The desire of a group of visually impaired young people to travel independently on the London Underground, rather than rely on friends, has contributed to the development of a ground-breaking app which they can use to guide them.

The technology using Bluetooth beacons is being tested by Transport for London (TfL).

It designer says it could eventually be used in busy rail stations and airports around the country.

Members of the Youth Forum of the Royal London Society for Blind People (RLSB) said they wanted to navigate the tube system independently.

Currently most have to rely on friends to help them get used to familiar routes or phone ahead to request assistance from London Underground staff. Many do not feel confident about using the whole network.

They group teamed up with a digital products designer, ustwo, which then devised a system which was effective below ground.

The Bluetooth beacons transmit signals which can be picked up by smartphones and other mobile devices.

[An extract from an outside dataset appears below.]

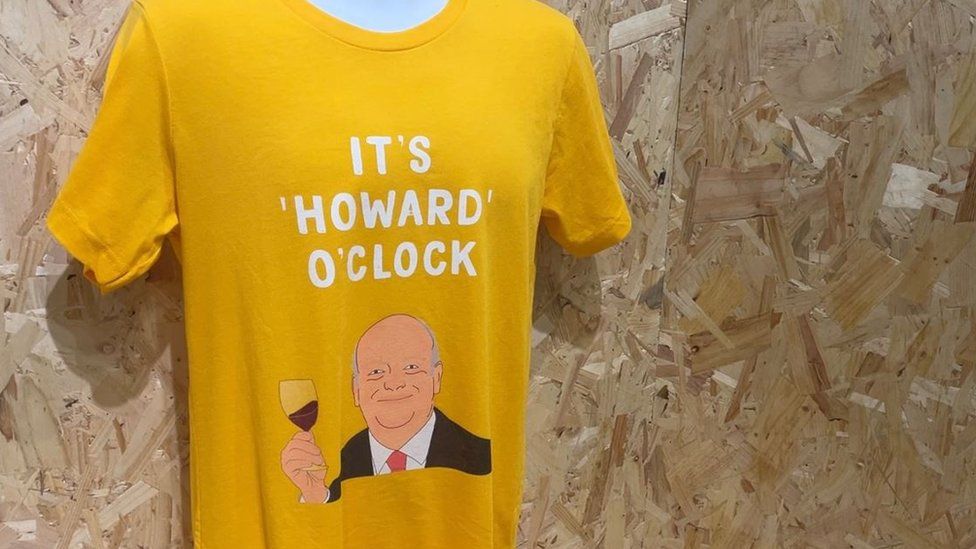 A photo of a t-shirt which reads 'it's Howard o'clock'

Audible directions are provided to users via "bone conduction" earphones which allow them to hear sounds around them as well.

The directions warn users when they are approaching escalators and ticket barriers and which platforms they may be approaching.

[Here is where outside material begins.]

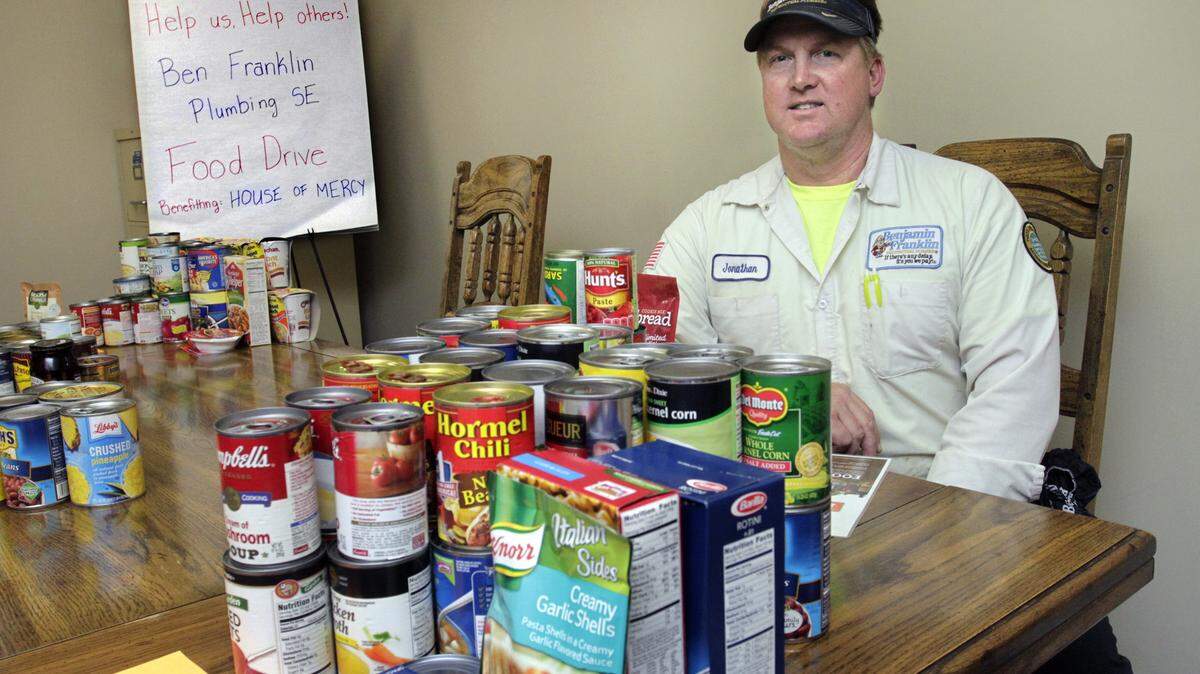 ROBIN TRIMARCHI rtrimarchi@ledger-enquirer.com 
 Jonathan Meigs and his coworkers at Benjamin Franklin Plumbing are collecting non-perishable food items to benefit the House of Mercy during the Christmas holiday. The company donated food for Thanksgiving, and is replenishing its food bank for the holidays. 12.01.15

Media captionHugh Pym had exclusive access to a new trial on the London Underground

It's the first such trial of a technology which can guide blind and partially sighted people underground or in areas with limited mobile phone reception.

Developers say it could be used in other subway networks like those in Newcastle and Glasgow or in other busy public transport hubs.

'Top city'

Image caption The system sends messages to the user via their phone

There are services and apps for use above ground, using GPS signals, although reception can be variable.

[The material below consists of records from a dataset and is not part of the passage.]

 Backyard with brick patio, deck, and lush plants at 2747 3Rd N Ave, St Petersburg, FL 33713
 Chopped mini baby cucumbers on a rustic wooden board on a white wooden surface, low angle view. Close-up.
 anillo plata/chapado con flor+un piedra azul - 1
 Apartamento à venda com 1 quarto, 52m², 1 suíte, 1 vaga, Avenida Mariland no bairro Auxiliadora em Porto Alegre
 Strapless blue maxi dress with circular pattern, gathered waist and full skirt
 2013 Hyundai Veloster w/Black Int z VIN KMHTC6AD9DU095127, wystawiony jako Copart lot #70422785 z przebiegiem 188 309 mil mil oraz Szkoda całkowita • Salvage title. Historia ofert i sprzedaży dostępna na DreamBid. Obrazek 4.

Lauren Richardson, who uses public transport to get from Berkshire to work in London every day, is visually impaired.

She is one of the RLSB volunteers who had the idea of using smartphones as guides.

Lauren can only stick to tried and tested routes which reduces her freedom to travel around the capital for her employer.

Reading the platform indicators, maps and station signs is impossible and she says the experience of travelling is often "scary".

Lauren, who has taken part in trials of the new system on London Underground, said: "This technology has given me loads of confidence - its given me the chance to be independent and be really free.

"I feel like I can leave my door without having to wait for someone for assistance".

London Underground says it will continue with trials with a view to introducing the system at a wider range of stations.

Mark Evers, its director of customer strategy, said: "While we have staff at all Tube stations to assist people whenever they need that, we're always keen to see how technology and innovation can help open up and make our networks more accessible".

Dr Tom Pey, chief executive of RLSB, says employment opportunities for blind people in the capital can be severely limited because of fears about using public transport. He said young people had contributed to a significant breakthrough and had "demonstrated the creativity and tenacity to change the transport system of London".